WORLD SCHIZOPHRENIA DAY: Victim of madness, illness or stigma?

 WORLD SCHIZOPHRENIA DAY: Victim of madness, illness or stigma?

Surgeon Captain Asif Iqbal Ahmed

Schizophrenia has been a long misunderstood condition to patients, their families, society and remarkably, to many in the medical and psychological fields. Truly an illness without borders, it has 1-4% lifetime prevalence. Of worldwide 25 million cases, it is estimated that there are 4.7-8 million cases in India of which 40-50% are untreated.

What is schizophrenia?

Eugene Bleuler in 1911 coined the term “schizophrenia” (splitting of the mind) to denote a long-term mental disorder of a type involving a breakdown in the relation between thought, emotion and behavior. Common experiences include:

  • Hallucination: hearing, seeing or feeling things that are not there.
  • Delusion: fixed false beliefs or suspicions not shared by others in the person’s culture and that are firmly held even when there is evidence to the contrary.
  • Abnormal behaviour: disorganised behaviour such as wandering aimlessly, mumbling or laughing to self, strange appearance, self-neglect or appearing unkempt
  • Disorganised speech; incoherent or irrelevant speech
  • Disturbances of emotions: marked apathy or disconnect between reported emotion and what is observed such as facial expression or body language

Course of the illness and relapses

Characteristically, symptoms begin in adolescence as a prodrome such as vague somatic complaints, fatigue and excess interest in philosophy, abstract ideas, occult or religious questions. These may carry on for months or a year and go unrecognised. Social or environmental changes such as going away to college or marijuana use may mark the onset of overt psychotic symptoms described above.

After the first psychotic episode, a patient gradually recovers and may function relatively normally for some time. Then they usually relapse with more severe symptomatology and further deterioration in baseline functioning follows each relapse. Unfortunately, each relapse leaves the brain damaged, person is less responsive to treatment and worsens the prognosis. Also, the longer the first episode is untreated the worse is the outcome.

Impact of the illness

Schizophrenia is chronic but not immediately fatal illness. It is listed as the eighth leading cause of DALYs (disability adjusted life years) worldwide in the age group 15-44 years, according to the WHO.

The occurrence of suicide in schizophrenics is abnormally higher than other mental illness disorders.

Substance abuse is another common complication and people with schizophrenia are at increased risk for substance abuse.

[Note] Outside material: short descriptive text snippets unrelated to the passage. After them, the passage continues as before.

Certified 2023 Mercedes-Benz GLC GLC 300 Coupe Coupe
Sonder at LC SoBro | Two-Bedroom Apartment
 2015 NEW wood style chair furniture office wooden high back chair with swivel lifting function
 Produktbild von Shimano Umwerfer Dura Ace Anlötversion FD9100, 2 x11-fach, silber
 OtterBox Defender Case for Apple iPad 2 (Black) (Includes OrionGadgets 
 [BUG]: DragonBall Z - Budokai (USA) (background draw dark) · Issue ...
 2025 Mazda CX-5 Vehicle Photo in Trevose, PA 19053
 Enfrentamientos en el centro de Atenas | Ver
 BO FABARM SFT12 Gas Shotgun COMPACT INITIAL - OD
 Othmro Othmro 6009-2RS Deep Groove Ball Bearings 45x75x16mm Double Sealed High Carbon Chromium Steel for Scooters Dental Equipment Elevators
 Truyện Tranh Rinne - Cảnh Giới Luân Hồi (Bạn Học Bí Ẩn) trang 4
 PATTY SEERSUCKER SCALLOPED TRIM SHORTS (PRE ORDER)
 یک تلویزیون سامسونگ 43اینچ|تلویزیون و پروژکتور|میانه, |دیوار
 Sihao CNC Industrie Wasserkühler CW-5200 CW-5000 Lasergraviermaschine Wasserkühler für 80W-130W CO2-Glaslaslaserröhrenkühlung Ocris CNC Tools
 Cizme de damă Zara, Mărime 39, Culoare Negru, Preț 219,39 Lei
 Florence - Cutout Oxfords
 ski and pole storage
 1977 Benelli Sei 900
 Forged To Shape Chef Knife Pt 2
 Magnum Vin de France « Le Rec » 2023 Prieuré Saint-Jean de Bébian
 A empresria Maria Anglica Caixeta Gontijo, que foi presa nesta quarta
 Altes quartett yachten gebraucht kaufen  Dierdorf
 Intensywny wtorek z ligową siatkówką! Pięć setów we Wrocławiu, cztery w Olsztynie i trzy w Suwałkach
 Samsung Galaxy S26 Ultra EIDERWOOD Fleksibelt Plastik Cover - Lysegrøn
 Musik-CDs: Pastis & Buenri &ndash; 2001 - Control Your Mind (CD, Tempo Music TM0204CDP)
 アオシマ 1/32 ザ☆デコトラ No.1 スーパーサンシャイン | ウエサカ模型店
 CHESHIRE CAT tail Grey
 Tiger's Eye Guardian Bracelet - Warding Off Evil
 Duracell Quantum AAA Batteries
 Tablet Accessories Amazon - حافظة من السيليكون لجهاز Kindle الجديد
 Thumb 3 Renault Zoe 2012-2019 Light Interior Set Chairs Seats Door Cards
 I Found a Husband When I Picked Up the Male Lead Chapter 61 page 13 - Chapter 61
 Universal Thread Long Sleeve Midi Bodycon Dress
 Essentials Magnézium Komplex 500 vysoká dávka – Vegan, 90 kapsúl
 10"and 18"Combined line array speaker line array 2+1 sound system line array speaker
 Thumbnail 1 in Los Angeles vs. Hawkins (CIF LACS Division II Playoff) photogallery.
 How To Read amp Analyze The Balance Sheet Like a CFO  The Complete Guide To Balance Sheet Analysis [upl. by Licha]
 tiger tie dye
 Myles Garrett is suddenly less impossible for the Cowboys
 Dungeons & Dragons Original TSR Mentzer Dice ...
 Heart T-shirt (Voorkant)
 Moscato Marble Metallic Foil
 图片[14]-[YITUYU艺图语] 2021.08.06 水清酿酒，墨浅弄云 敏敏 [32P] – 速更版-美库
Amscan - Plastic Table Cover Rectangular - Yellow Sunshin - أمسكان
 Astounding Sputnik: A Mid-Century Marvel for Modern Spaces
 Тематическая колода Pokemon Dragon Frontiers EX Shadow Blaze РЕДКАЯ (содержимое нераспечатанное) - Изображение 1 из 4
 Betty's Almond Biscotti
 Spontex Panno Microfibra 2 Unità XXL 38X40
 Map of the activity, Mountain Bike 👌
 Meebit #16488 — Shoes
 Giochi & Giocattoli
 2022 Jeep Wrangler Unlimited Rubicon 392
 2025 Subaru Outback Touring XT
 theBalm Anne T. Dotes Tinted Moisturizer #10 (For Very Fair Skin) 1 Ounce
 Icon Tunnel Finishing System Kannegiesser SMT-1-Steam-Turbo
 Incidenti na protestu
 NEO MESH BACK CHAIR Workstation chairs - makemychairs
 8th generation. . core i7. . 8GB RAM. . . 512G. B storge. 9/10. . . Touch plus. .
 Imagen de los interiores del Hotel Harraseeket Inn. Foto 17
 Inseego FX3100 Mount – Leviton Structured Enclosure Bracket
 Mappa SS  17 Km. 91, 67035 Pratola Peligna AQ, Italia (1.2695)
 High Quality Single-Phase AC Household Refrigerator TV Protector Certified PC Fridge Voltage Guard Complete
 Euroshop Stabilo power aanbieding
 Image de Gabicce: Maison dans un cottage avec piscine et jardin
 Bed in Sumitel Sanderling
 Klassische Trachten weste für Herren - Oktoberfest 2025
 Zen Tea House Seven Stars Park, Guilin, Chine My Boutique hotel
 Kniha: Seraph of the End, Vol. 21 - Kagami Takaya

Barriers to help/ recovery

These factors cause delay in receiving early and appropriate treatment which could potentially alter the lifetime outcome favourably –

Mental Health Resources in India are limited, just around 4500 psychiatrists are available for over a billion people.

Pathways to care/ referral The first point of contact for treatment in India is magico- religious in 65% cases as this is socially sanctioned.

Stigma Attitudes against the illness and medications (as addicting/ sedating)

Families Many times the families are against treatment, already having learnt to cope with the untreated state.

Is there a cause for hope or is it a lost cause?

The advent of antipsychotic medication supports a more optimistic prognostic picture, although schizophrenia is always a serious disease. Early intervention and early use of new medications lead to better medical outcomes.

The treatment goals for the moment are to identify the illness as early as possible, treat the symptoms, provide skills to patients and their families, maintain the improvement over a period of time, prevent relapses and reintegrate the ill persons into the community so that they can lead as normal a life as possible. Many people with schizophrenia recover to the point of living functional and rewarding lives in their communities.